# IBM Applied Data Science Capstone
## Part 2: Data Wrangling

**Objective:** Clean, transform, and prepare data for analysis

**Author:** Son Nguyen

---


In [1]:
import pandas as pd
import numpy as np
import matplotlib.pyplot as plt
import seaborn as sns
from datetime import datetime
import warnings
warnings.filterwarnings('ignore')

# Set visualization style
sns.set_style("whitegrid")
plt.style.use('seaborn-v0_8')
sns.set_palette("husl")

print("✓ Libraries imported successfully!")
print("=" * 60)


✓ Libraries imported successfully!


In [2]:
# Load SpaceX dataset
df = pd.read_csv('../data/spacex_launches.csv')

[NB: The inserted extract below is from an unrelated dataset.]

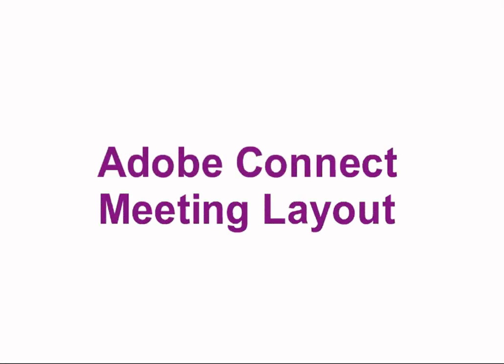This video will show the three main basic Adobe Connect meeting layouts and how to customize your own meeting layout.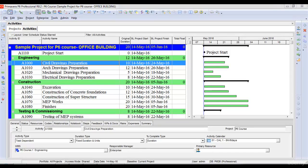Now we have created the project, its WBS, and the activities under the WBS, so we are ready to link our activities.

print(f"✓ Dataset loaded successfully!")
print(f"✓ Shape: {df.shape}")
print(f"✓ Columns: {len(df.columns)}")
print(f"\nColumn names:")
for i, col in enumerate(df.columns, 1):
    print(f"  {i:2d}. {col}")
print(f"\nFirst 5 rows:")
df.head()


✓ Dataset loaded successfully!
✓ Shape: (187, 22)
✓ Columns: 22

Column names:
   1. Flight_Number
   2. Launch_Name
   3. Date_UTC
   4. Year
   5. Month
   6. Quarter
   7. Success
   8. Success_Rate
   9. Rocket_Name
  10. Rocket_Type
  11. Cost_Per_Launch
  12. Launchpad_Name
  13. Location
  14. Region
  15. Latitude
  16. Longitude
  17. Payload_Count
  18. Payload_Mass_kg
  19. Payload_Type
  20. Core_Landing
  21. Core_Reused
  22. Year_Category

First 5 rows:


Unnamed: 0,Flight_Number,Launch_Name,Date_UTC,Year,Month,Quarter,Success,Success_Rate,Rocket_Name,Rocket_Type,...,Location,Region,Latitude,Longitude,Payload_Count,Payload_Mass_kg,Payload_Type,Core_Landing,Core_Reused,Year_Category
0,1,FalconSat,2006-03-24T22:30:00.000Z,2006,3,1,False,0.0,Unknown,Unknown,...,Omelek Island,Marshall Islands,9.047721,167.743129,1,20.0,Satellite,No Attempt,False,Early
1,2,DemoSat,2007-03-21T01:10:00.000Z,2007,3,1,False,0.0,Unknown,Unknown,...,Omelek Island,Marshall Islands,9.047721,167.743129,1,0.0,Satellite,No Attempt,False,Early
2,3,Trailblazer,2008-08-03T03:34:00.000Z,2008,8,3,False,0.0,Unknown,Unknown,...,Omelek Island,Marshall Islands,9.047721,167.743129,2,0.0,Satellite,No Attempt,False,Early
3,4,RatSat,2008-09-28T23:15:00.000Z,2008,9,3,True,1.0,Unknown,Unknown,...,Omelek Island,Marshall Islands,9.047721,167.743129,1,165.0,Satellite,No Attempt,False,Early
4,5,RazakSat,2009-07-13T03:35:00.000Z,2009,7,3,True,1.0,Unknown,Unknown,...,Omelek Island,Marshall Islands,9.047721,167.743129,1,200.0,Satellite,No Attempt,False,Early


## 2. Data Cleaning and Validation

### 2.1 Check for Missing Values

We'll identify and handle any missing values in the dataset.


In [3]:
# Check for missing values
print("MISSING VALUES ANALYSIS")
print("-" * 60)

missing_values = df.isnull().sum()
missing_pct = (missing_values / len(df)) * 100

missing_df = pd.DataFrame({
    'Missing Count': missing_values,
    'Missing Percentage': missing_pct.round(2)
}).sort_values('Missing Count', ascending=False)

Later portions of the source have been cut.